On n’arrête pas de jouer en prolongation contre eux et ce n’est pas une bonne recette. C’est devenu une meilleure équipe, certainement. Chaque équipe dans la Ligue nationale a un style. D’une certaine manière, c’est comme si Montréal était une nouvelle équipe avec un nouveau style. Leur jeu est encore en transformation parce qu’ils acquièrent de la maturité. Ça prend du temps avant d’en dégager des tendances. Quand on affronte Tampa Bay, par exemple, on sait à quoi s’attendre. Montréal est une jeune équipe ultratalentueuse, en constante évolution, et on apprend encore à jouer contre eux, a affirmé l’entraîneur.
C’est une chose d’avoir du talent et de la rapidité, mais il faut apprendre à ne pas tricher, et c’est ce qu’ils font présentement. C’est pour ça qu’ils ont du succès depuis un an.
Il leur reste deux autres matchs cette saison-ci pour résoudre l’énigme.
En rafale
L’exclusion de Sam Bennett de l’équipe olympique canadienne en a surpris plus d’un. Le lauréat 2025 du trophée Conn-Smythe était de la sélection nationale à la Confrontation des 4 nations l’an dernier et il y a finalement joué un rôle majeur, inscrivant entre autres le but égalisateur contre les Américains en finale.
Même s’il a connu un début de saison en deçà des attentes, le centre de 29 ans s’est repris de belle façon depuis et cumule tout de même 31 points en 42 matchs. Au-delà de sa production, c’est plutôt ce caractère rare et prisé d’homme des grandes occasions qui a bâti sa réputation au fil des ans et qui semblait en faire un choix incontournable pour le rendez-vous italien.

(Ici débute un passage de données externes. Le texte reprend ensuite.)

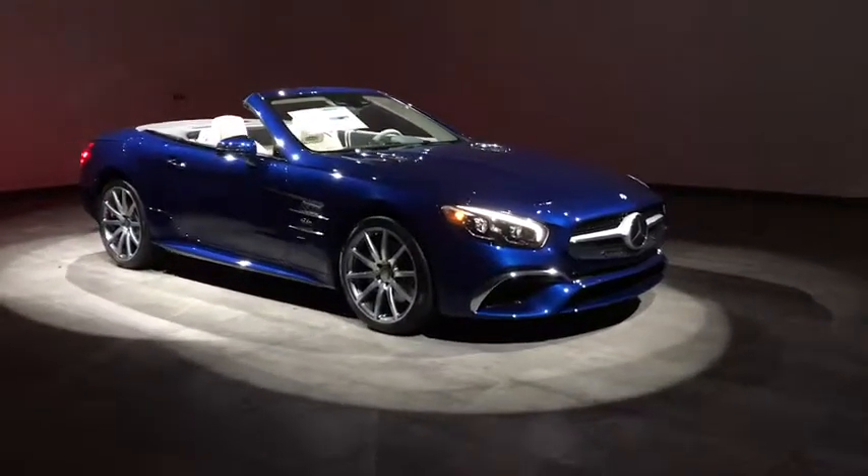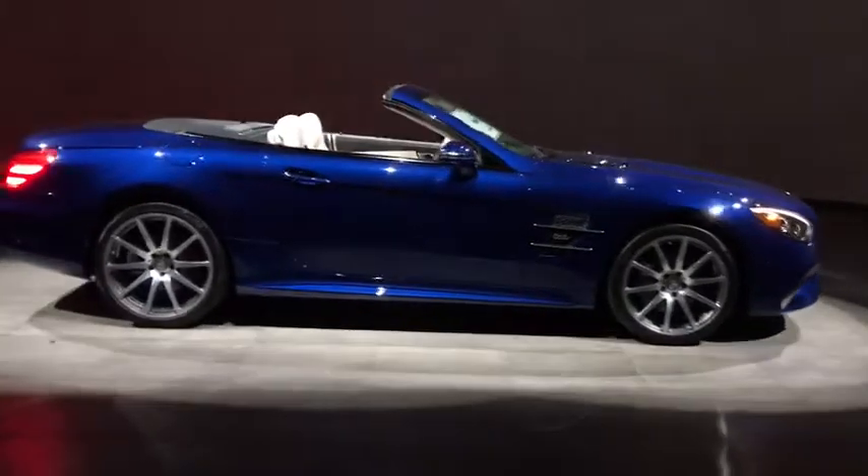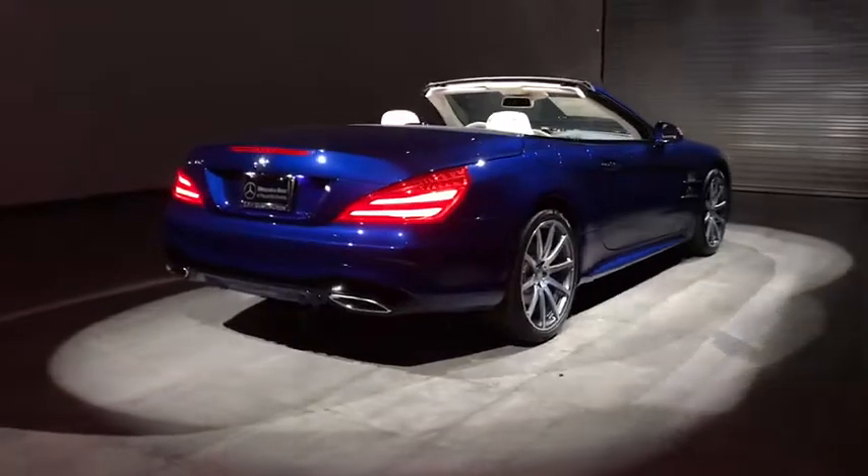The 2017 Mercedes SL. The Mercedes-Benz SL blends sportiness and luxury with a strong, responsive engine and agile handling. Here are some of this vehicle's great options.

Sam a participé aux 4 nations l’an dernier et d’autres joueurs, non. Et je ne me souviens pas d’avoir entendu personne mis à l’écart s’en plaindre publiquement. Sam ne l’a pas fait non plus. On doit être respectueux envers ceux qui ont été choisis au sein de l’équipe. Ce sont tous de grands joueurs. Je dirai simplement que Sam Bennett ferait partie de n’importe laquelle de mes équipes, a laissé tomber son entraîneur.